> GPT-3 struggles with large numbers, decimal numbers, and negative numbers. When used it returns answers that are close but often incorrect.
Regarding GPT-3's "guesstimates," intuitively it feels like the network has to guess because it hasn't been given a way to do exact computation--a neural network is built out of nonlinear functions--even if it "understands" the prompt (for whatever value you want to give to "understand").
Are there any techniques that involve giving the model access to an oracle and allowing it to control it? To continue the analogy, this would be the equivalent of giving GPT-3 a desk calculator.
If this is a thing, I have other questions. How do you train against it? Would the oracle have to be differentiable? (There are multiple ways to operate a desk calculator to evaluate the same expression.) Also, what control interface would the model need so that it can learn to use the oracle? (Would GPT-3 emit a sequence of 1-hot vectors that represent functions to do, and would the calculator have "registers" that can be fed directly from the input text? Some way of indirectly referring to operands so the model doesn't have to lossily handle them.)

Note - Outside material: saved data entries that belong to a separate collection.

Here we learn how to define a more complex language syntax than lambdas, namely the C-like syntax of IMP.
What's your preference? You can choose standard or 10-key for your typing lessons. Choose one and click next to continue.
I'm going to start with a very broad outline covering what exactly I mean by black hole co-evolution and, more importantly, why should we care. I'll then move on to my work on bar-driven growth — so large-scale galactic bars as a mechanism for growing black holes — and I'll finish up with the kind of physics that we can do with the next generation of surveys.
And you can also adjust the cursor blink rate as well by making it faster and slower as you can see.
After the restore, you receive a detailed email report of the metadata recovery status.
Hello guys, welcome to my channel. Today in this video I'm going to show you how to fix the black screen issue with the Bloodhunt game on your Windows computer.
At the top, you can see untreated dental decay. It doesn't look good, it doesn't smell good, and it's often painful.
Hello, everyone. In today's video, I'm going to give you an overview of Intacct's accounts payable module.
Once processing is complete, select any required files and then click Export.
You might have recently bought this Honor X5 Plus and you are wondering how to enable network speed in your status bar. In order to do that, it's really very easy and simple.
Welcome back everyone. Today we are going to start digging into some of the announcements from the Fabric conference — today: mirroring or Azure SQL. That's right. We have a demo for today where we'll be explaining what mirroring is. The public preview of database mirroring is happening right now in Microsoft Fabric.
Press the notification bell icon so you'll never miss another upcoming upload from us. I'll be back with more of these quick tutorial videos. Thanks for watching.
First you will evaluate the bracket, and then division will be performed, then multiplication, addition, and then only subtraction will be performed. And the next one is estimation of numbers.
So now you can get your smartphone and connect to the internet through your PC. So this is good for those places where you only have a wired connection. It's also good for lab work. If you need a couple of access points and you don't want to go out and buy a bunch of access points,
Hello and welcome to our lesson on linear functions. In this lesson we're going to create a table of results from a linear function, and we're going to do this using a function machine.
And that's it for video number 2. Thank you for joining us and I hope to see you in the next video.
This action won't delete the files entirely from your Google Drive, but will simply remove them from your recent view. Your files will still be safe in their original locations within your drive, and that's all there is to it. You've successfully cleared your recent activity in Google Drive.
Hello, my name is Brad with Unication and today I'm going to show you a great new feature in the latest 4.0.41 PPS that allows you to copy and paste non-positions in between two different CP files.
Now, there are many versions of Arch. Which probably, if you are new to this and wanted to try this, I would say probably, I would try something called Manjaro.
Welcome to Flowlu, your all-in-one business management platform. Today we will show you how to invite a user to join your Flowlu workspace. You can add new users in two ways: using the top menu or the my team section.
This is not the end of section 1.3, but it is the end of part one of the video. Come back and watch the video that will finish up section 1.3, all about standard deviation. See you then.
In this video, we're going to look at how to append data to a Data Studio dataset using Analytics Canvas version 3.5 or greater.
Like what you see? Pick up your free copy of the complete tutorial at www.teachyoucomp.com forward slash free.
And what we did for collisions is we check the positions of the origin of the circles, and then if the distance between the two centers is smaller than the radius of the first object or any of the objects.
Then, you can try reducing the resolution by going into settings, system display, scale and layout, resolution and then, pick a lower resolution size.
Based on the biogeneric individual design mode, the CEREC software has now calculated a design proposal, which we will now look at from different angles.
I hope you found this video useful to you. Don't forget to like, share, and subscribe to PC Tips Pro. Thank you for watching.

There are many papers trying to couple language models with external modules.
In the Retrieval-Enhanced Transformer (RETRO) paper a large language model was coupled with a similarity based text index. It can populate the prompt with relevant information from the index thus being more grounded and update-able.
In another paper (AlphaCode) the language model was coupled with a compiler and could run programs and check if they match the expected outputs for a few test cases. The model was able to solve competition style coding problems above average human score.
In another paper (Language Models as Zero Shot Planners) a language model generates commands to navigate a virtual home environment and performs tasks. The knowledge in the LM helps in quickly learning tasks.
A recent one can learn new concepts by simple conversation, then apply them where necessary. You can talk-train your model. (Memory assisted prompt editing to improve GPT 3 after deployment)
So the trend is to add "toys" on language models - a simulator, a compiler, a search engine, a long term memory module.
I'd like to see a recursive language model, that can sub-call itself to decompose problems.
Yeah, but I didn't bring it up because I wasn't sure how much is really the model choosing and how much is the human workflow: they emphasize the interactive part heavily.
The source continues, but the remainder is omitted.